Luka Lama yang Seharusnya Nggak Lama-Lama
by
Ananda Rasullia
- 11/29/2017 08:38:00 am
assalamualaikum!
Astaga dragon, apaan sih Nda judulnya?
:")
Gue tiba-tiba ingin menuliskan sesuatu mengenai luka lama yang kembali terasa cekat-cekit dan membuatku bernostalgi(l)a lagi karena ada sulutan-sulutan kecil dalam percakapan gue bersama si ayang malam ini.
Luka gue ini sebenernya udah kering, udah jadi koreng (HAHA) cuma kecoel lagi karena adanya trigger dari lingkungan sekitar :")
Tapi memang, sulit rasanya menyembuhkan luka terutama luka di hati, apalagi kalo belum benar-benar mengikhlaskan, itu... AH ACAK-ACAK KASUR JUGA NEH. Ya kurang lebih begitulah.
Luka-luka kami sebenernya sederhana, penyebabnya juga sama, cuma bedanya adalah, luka gue terjadi udah lama, udah mengendap banget karena udah bertahun-tahun yang lalu HAHA, sementara si ayang lukanya masih lumayan fresh karena kejadiannya juga baru.
Wajar kalo lukanya masih baru trus masih suka tersinggung atau kesenggol tiap ada yang ngebahas, LAH KALO GUE? Kan kezel.

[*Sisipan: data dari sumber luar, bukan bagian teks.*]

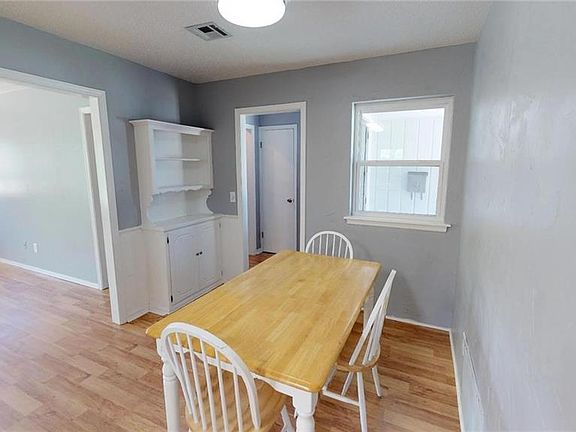 3rd image of 6216 N Allison Dr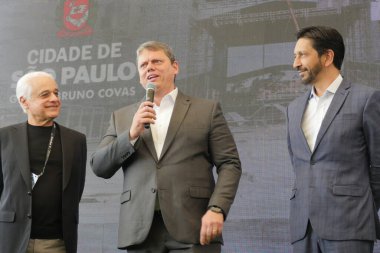 Tarcisio ve Nunes Sao Paulo 'daki The Town çalışmalarını ziyaret ederler. 10 Ağustos 2023, Sao Paulo, Brezilya: Sao Paulo Valisi, Tarcisio de Freitas, Sao Paulo Belediye Başkanı Ricardo Nunes eşliğinde Perşembe (10) günü The Town 'a yaptığı ziyarette) 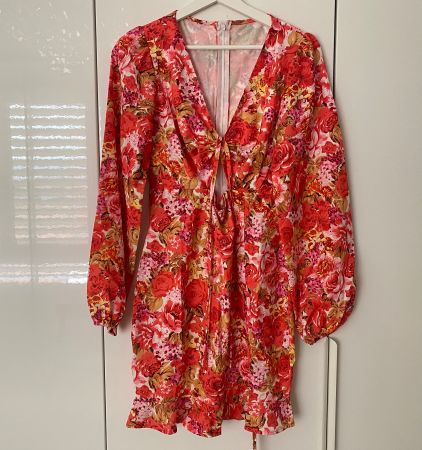 Figurbetontes Kleid mit Blumenmuster (Gr.M) von Shein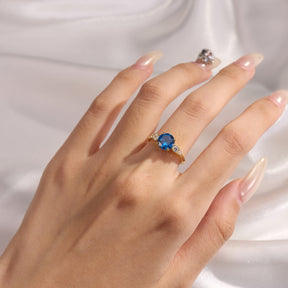 The Alina Round Cut Lab-Grown Sapphire Ring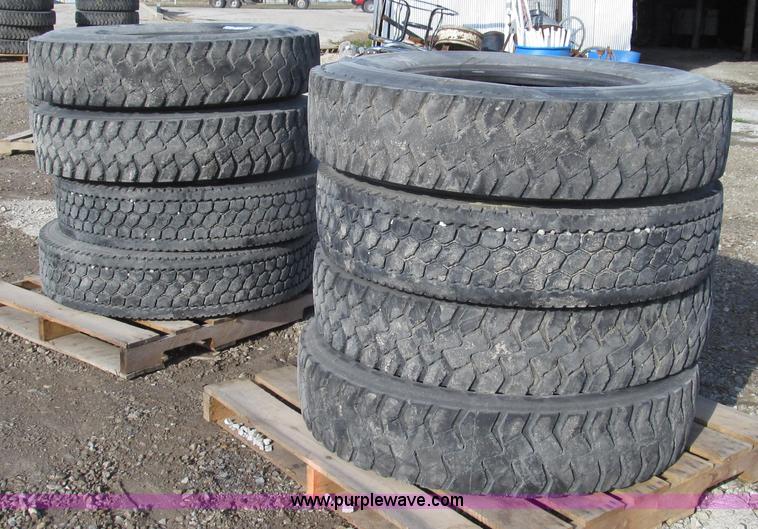 image for item Z9731 (8) recapped 11R24.5 radial tires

Padahal ya, menyimpan luka lama kayak gini faedahnya nggak ada, sisi positifnya nggak ada, manfaatnya juga nggak ada, terus dipikir-pikir, kenapa gue masih aja menyimpan luka lama yang seharusnya sekarang sudah hilang tanpa bekas?
Iya, aku tau menyimpan dendam itu terlarang seperti cinta Dara the Virgin dengan model di video klipnya, but I did not do this on purpose, aku juga gak mau keles menyimpan luka di hati, mendingan nyimpen donat di kulkas, jelas ada manfaatnya dikala perut tengah berteriak kelaparan.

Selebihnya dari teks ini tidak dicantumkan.